Second, I see you will need a lot of things, but for sure you started with the right foot with your choice of kit: the Hasegawa FGR.2 is a very good one !

Starting from the basics...

Glue: any glue specifically made for plastic models. Personally I use Revell's Contacta, others prefer the Humbrol products, others Tamiya's. Avoid glues not made specifically for plastic kits, although superglue and epoxy adhesives have their places.. but better leave these for later.

Some love the liquid glues particularly for smaller parts, personally I use the same Contacta in a dispenser for everything. It's a matter of "taste" really.

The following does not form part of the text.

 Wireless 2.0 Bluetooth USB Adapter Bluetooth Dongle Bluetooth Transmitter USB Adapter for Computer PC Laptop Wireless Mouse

Filler: now here there are as many opinions as there are modellers... I'd suggest checking the tools and tips area of this forum and do a search for "filler". Personally I use Italeri's one and milliput for larger gaps or to reconstruct bits. A useful and cheap addition is a typewriter corrector pen, this is good for very small gaps and with some modern kits it's all that's needed.

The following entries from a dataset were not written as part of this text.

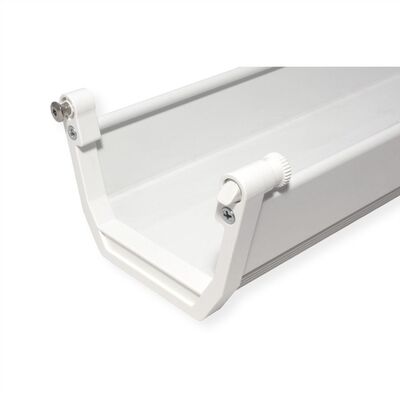 Káblový organizér, žľab na káble pod stôl, plast (ABS), 449x182x118mm (DxHxV), biely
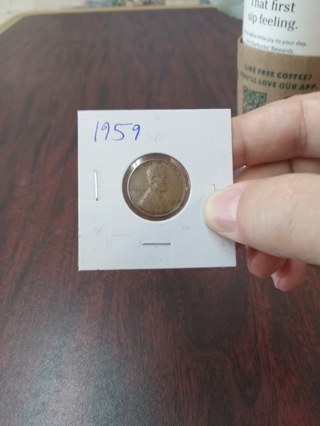 1959 Lincoln Wheat Cent (65 years old !!!)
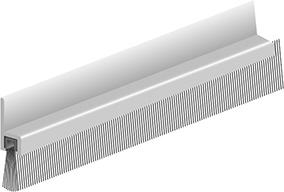 Türbodendichtung IBS 31 z. schrauben Alu silber, H30 x L3000, BH12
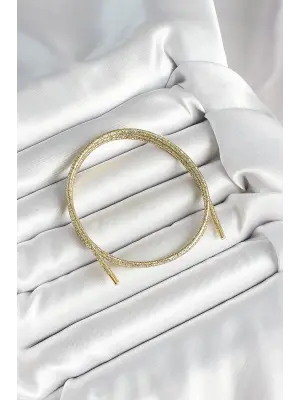 Mıknatıslı Gold Renk Sarmal Kadın Bileklik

Paints: again, use only paints specifically designed with modellers in mind. At this point you have to make a choice: enamels or acrylics ? Both have pros and cons and again there are many discussions in this forum on the matter. One point to keep in mind is availability: sometimes the easiest paint to find is not the one others consider ideal. Another important factor is the range a certain paint offers, better have more shades available, even better if these are already matched to the true paint of the aircraft. Humbrol for example has a huge range and is easily available. I like Lifecolors, others hate them.

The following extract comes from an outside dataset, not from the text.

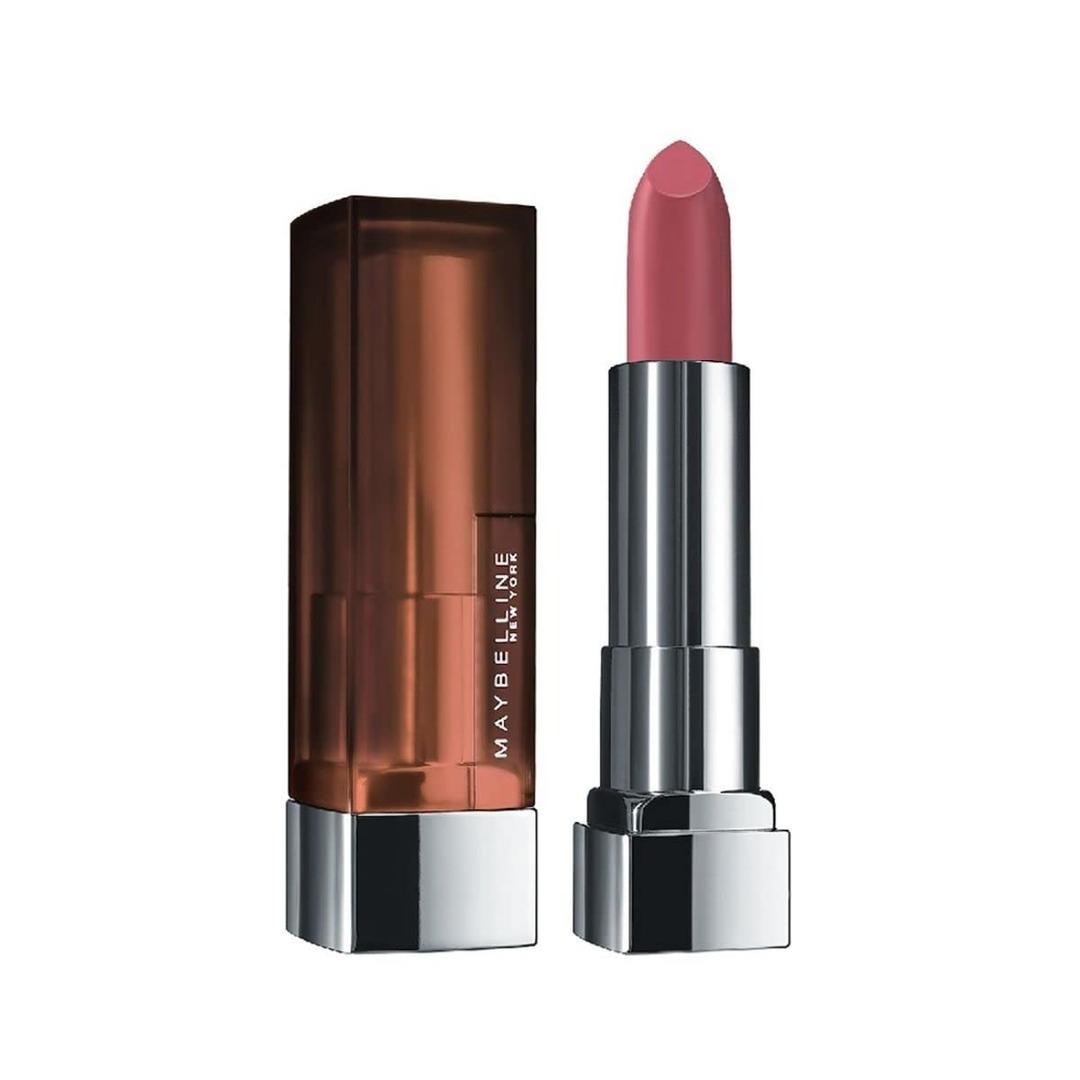 Maybelline New York Color Sensational Lipstick, Lip Makeup, Matte Finish, Hydrating Lipstick, Nude, Pink, Red, Plum Lip Color, Touch Of Spice, 1 Count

The choice of paints also depend on how to paint: brush or airbrush ? Some paints are great for one but not the other. My favourite Lifecolors for example are very easy to brush but they need a few tricks to be sprayed. Tamiyas are the opposite, very good to spray but tricky with a brush

One paint that is very important to have: a good primer ! Now not all paints need this, but a primed model allows an easier identification of areas needing work. And some paints don't stick well to bare plastic. A spray primer is best, Tamiya has a good one, others love the Halfords' one, others use games workshop

Brushes: the best you can afford ! Ideally some of small size for details, and a couple larger ones to paint the whole aircraft.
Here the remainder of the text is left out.